Earlier this year, I wrote about a way to save money that involved reviewing and removing subscription apps on your phone as well as other auto-renewing subscriptions that you might not be using.
I suggested cancelling those subscriptions that are note being used as a method of getting more money back in your pocket. For those auto-renewing subscriptions, I also recommend setting a future calendar reminder for a year out to generate a reminder to cancel the subscription if isn’t being used prior to the auto-renew. But that can be a hassle and the task to enter the calendar reminder might be forgotten.
Recently, another option was brought to my attention that can help with these money leaking applications.
More and more banks are offering a service in order to avoid fraud with online credit card payments. They offer something called a virtual credit card. This is a combination of a credit card number, an expiration date, and a CVV code that is generated for a fixed time period.
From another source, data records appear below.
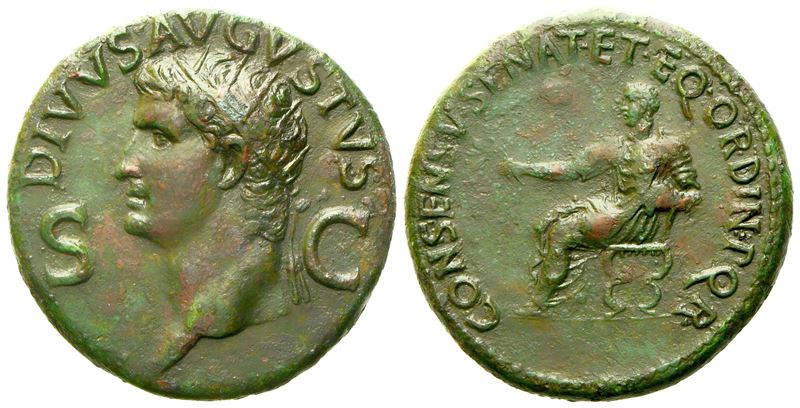 Divus Augustus, Dupondius struck under Gaius (Caligula), Rome, AD 37-41; Æ (g 15,30; mm 28)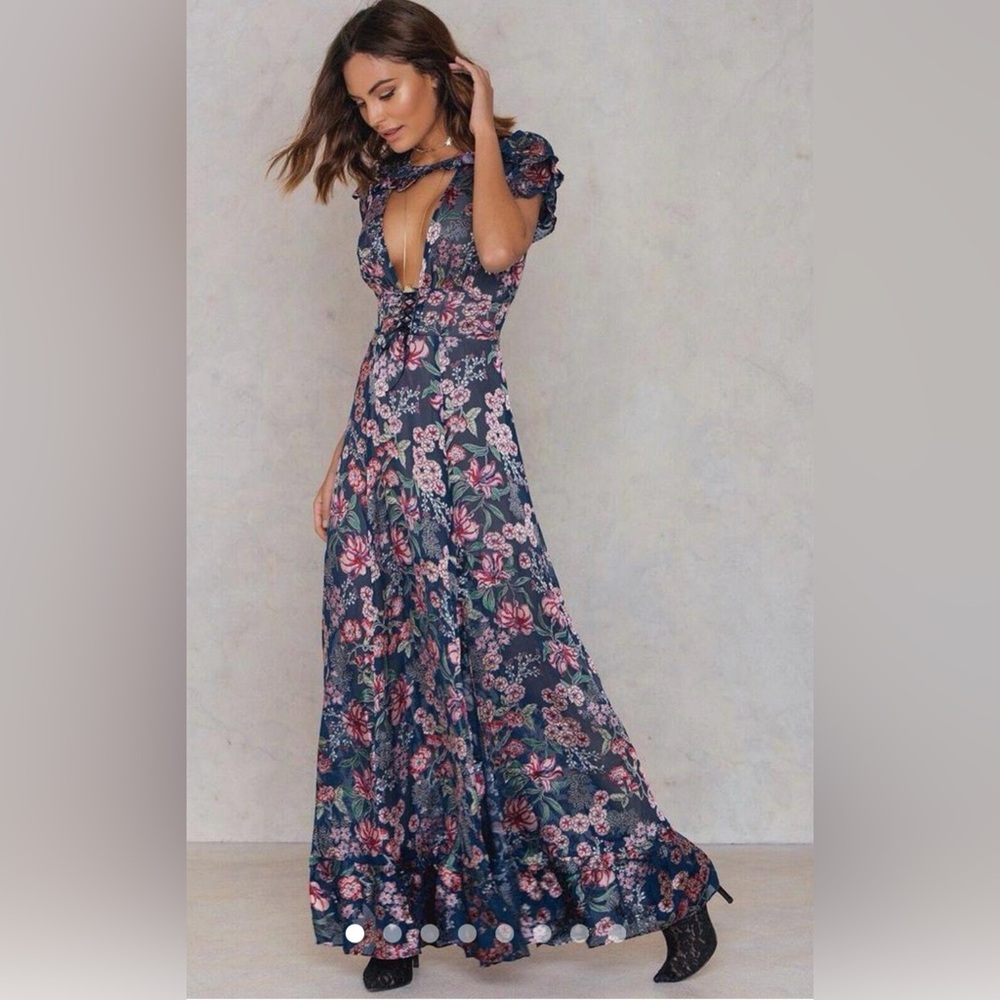 For Love and Lemons Blue Floral Plunging Maxi Dress Size M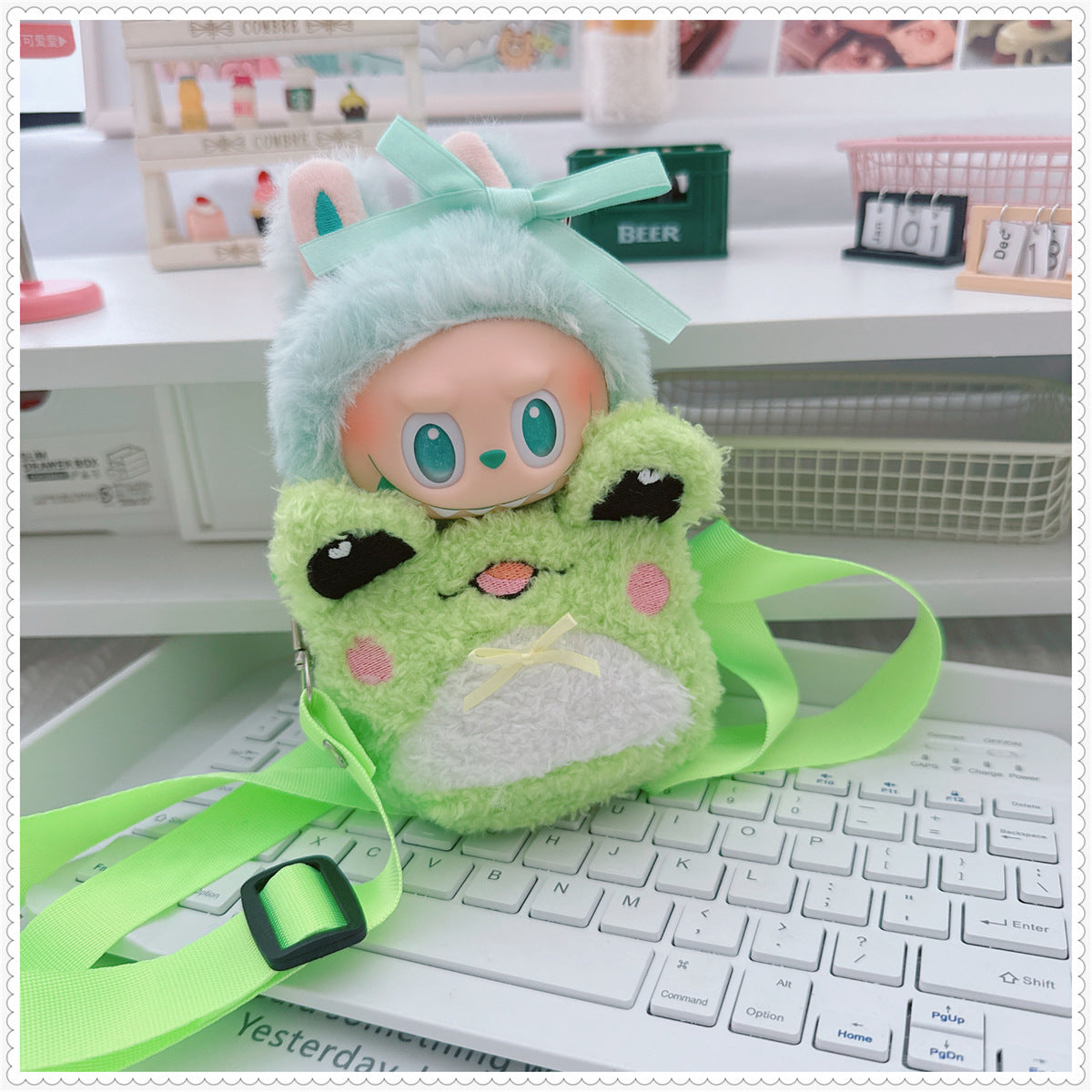Labubu Doll Outfit - 17cm Cartoon Style Shoulder Bag for Labubu Vinyl Doll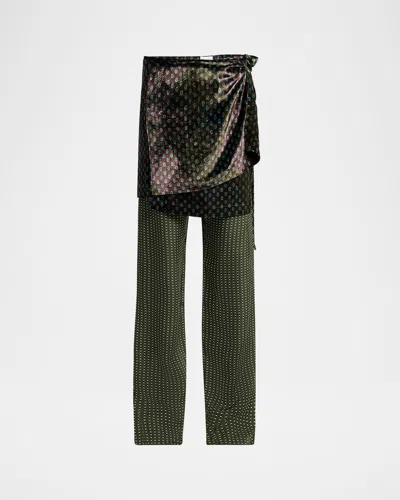 Dries Van Noten Pritty Skirt Overlay Wide-leg Pants In Multi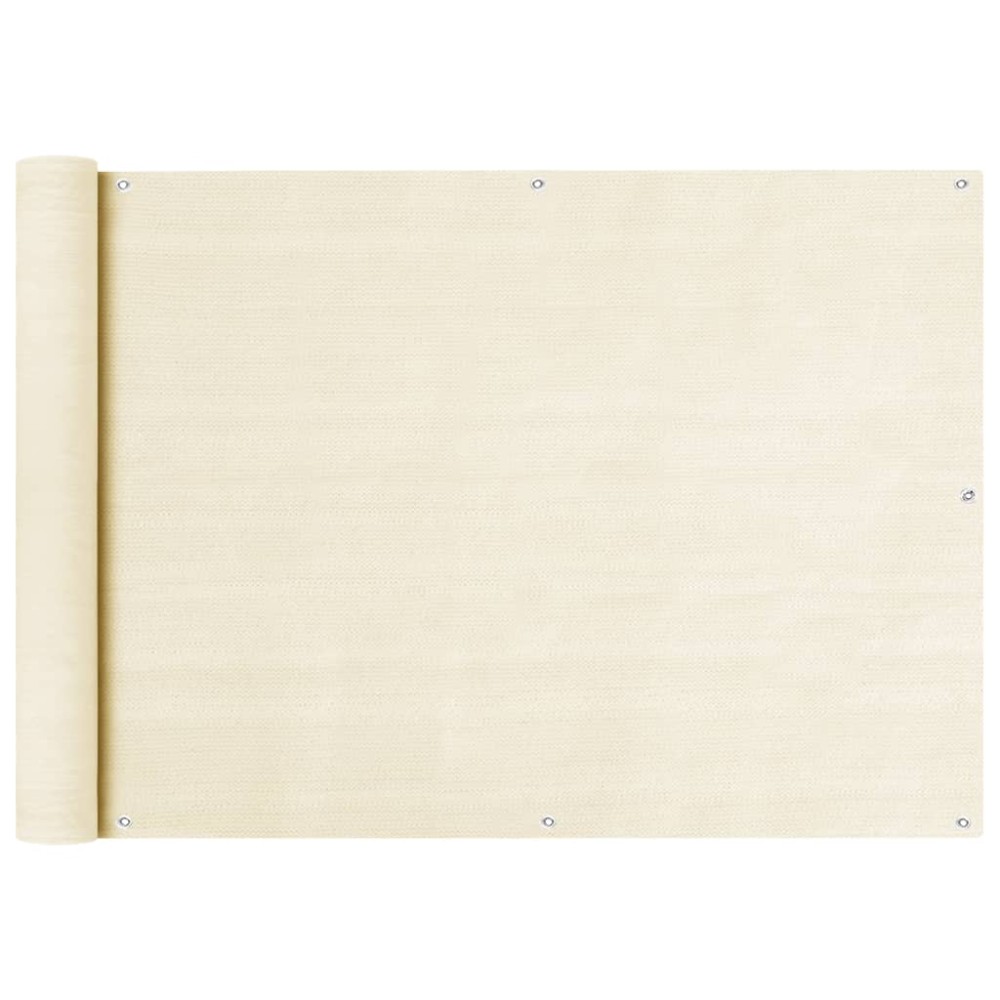 vidaXL Διαχωριστικό Βεράντας Κρεμ 75 x 500 εκ. από HDPE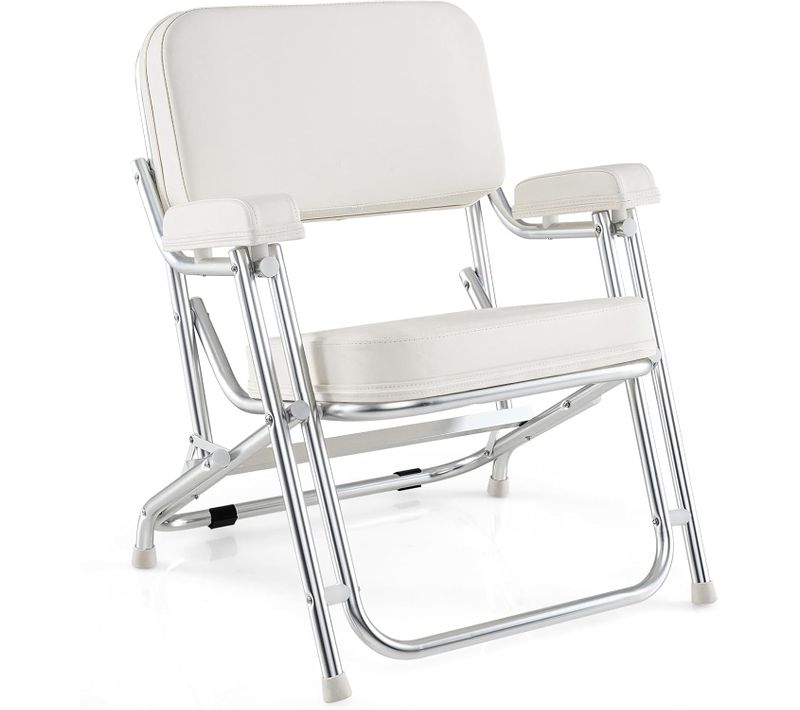 Siège De Bateau Portable En Aluminium Avec Siège Rembourré, Chaise De Plage Avec Accoudoirs, Blanc
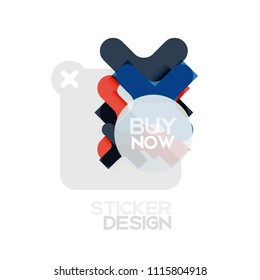 Flat design cross shape geometric sticker icon, paper style design with buy now sample text, for business or web presentation, app or interface buttons, internet website store banners and labels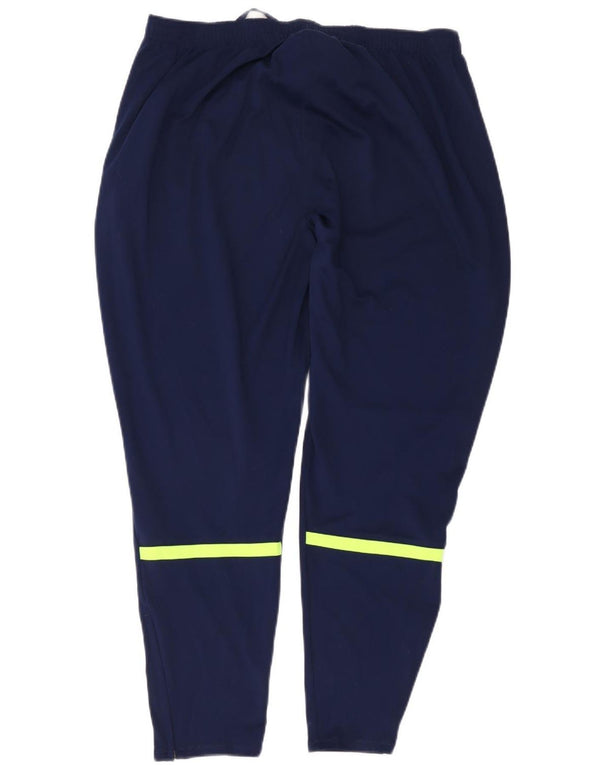 Nike Dame Dri Fit træningsdragt Bukser UK 18 XL Navy Blue Colourblock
It may be a single use, or it may be good for a fixed amount of time before it expires.
The purpose behind the virtual card number is that it will link to your actual card without having to divulge the actual card number. It is also one-time or fixed-time so if it collected as part of a data breach, it will be useless to anyone else.
Here’s the trick: When signing up for an application that wants credit card information (even if it is for a trial period before charging your card), use a virtual card number for the subscription. Since this is a one-time card number, if the company tries to use it again to renew the subscription or to start charging the card, it won’t work. The subscription will eventually be cancelled due to inability to charge the card on file!
If you want to continue to receive the subscription, then update the credit card information with a new virtual card number. A pretty interesting use of virtual card numbers that can save some money as well.